Short text fragments from websites:
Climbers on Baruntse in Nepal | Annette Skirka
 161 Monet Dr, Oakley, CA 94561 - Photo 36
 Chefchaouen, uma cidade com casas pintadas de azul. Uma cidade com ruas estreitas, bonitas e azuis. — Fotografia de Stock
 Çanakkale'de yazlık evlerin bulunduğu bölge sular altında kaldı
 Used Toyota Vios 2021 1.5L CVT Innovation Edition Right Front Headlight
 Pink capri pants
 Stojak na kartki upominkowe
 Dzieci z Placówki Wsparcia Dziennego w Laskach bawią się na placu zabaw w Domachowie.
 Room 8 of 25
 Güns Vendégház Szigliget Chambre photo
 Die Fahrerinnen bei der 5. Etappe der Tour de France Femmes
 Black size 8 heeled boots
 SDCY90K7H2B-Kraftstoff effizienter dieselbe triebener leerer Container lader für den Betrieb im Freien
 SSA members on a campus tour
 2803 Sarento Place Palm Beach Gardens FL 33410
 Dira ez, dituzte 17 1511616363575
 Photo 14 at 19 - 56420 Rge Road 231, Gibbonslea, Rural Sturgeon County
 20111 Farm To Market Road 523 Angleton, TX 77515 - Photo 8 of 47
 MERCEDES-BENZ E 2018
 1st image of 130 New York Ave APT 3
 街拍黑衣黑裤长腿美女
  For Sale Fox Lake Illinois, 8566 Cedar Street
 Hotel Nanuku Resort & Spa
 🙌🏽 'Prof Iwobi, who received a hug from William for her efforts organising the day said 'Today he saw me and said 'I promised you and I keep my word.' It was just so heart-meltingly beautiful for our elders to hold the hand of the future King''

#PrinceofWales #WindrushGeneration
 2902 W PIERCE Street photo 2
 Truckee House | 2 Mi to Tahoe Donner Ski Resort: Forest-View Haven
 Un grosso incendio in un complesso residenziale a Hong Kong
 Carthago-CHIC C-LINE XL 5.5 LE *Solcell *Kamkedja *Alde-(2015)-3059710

* Task directions
A word-for-word copy of the lines above from the one with "Pink capri pants" through the one with "Dira ez, dituzte 17 1511616363575", inclusive, is the only output wanted.

* Your solution
 Pink capri pants
 Stojak na kartki upominkowe
 Dzieci z Placówki Wsparcia Dziennego w Laskach bawią się na placu zabaw w Domachowie.
 Room 8 of 25
 Güns Vendégház Szigliget Chambre photo
 Die Fahrerinnen bei der 5. Etappe der Tour de France Femmes
 Black size 8 heeled boots
 SDCY90K7H2B-Kraftstoff effizienter dieselbe triebener leerer Container lader für den Betrieb im Freien
 SSA members on a campus tour
 2803 Sarento Place Palm Beach Gardens FL 33410
 Dira ez, dituzte 17 1511616363575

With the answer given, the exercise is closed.